Art
Placement
John McEwen
Four Simultaneous Exhibitions at the Tate (till 25 July) is an odd assortment, from the provincial apocalyptics of Samuel Colman's early nineteenth-century paintings to the experiments of John Latham.
Latham's is the most important show, a well-earned retrospective. Various though he is stylistically, Latham has been constant in his exploration of the theme of time: its transitoriness, and more recently its philosophical implications. The canvases incorporating bumf books which first brought him fame in the 'fifties can now be seen fairly in relation to the art of their period and they stand up very well. In fact they reveal that Latham at his best is the match of Moles or any of the other'matter' artists, a figure of undoubted art-historical importance. They are surprisingly beautiful works and the emotive associations of using books in this way gives them considerable power as well. Since then, however, his invention has flagged, his concerns become confused and ideological.

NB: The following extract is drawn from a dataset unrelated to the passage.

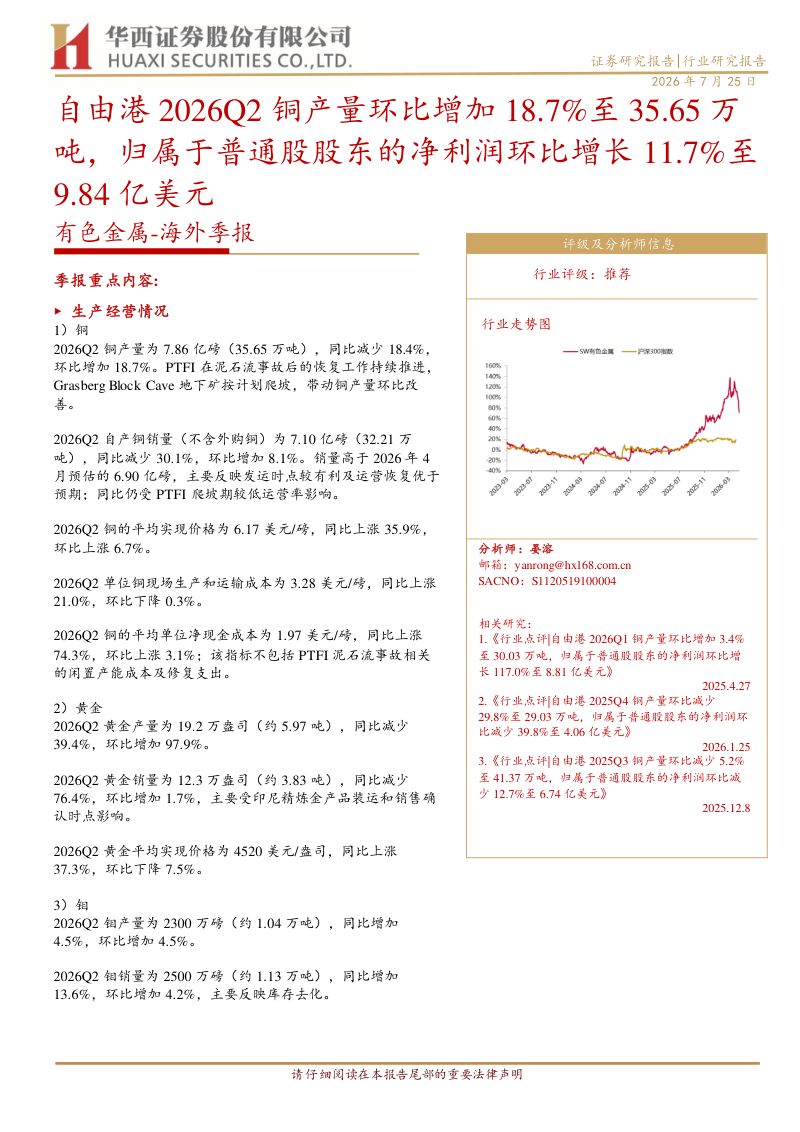 自由港2026Q2铜产量环比增加18.7%至35.65万吨，归属于普通股股东的净利润环比增长11.7%至9.84亿美元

Abandoning the so-called restrictions of fine art he has devoted himself to inducing society—largely through securing permission • for a few artists to roam at will in various industrial organisations—to recognise the beneficial long-term, or 'timebased', qualities on which the unlimited, inter-disciplined, creative and therefore artistic mind concentrates. This scheme of Latham's, co-ordinated as the 'Artist Placement Group' (APG), depends ironically on the public's acceptance of a very fine-art view of the artist, as a superman, and too often it has indulged in the parish pump activity of abusing the Arts Council for its lack of support, but where it is most dismayingly at variance with its apparent aims is in the paucity of its practical results. The spiritual decline of the West, the separation of art from science, to search for solutions to such problems is a worthy task but indicating the aesthetic merits of slag heaps and the metaphorical significance of a hypothetical 'Marine Cultivation Project', as Latham does at the Tate, seems inadequate.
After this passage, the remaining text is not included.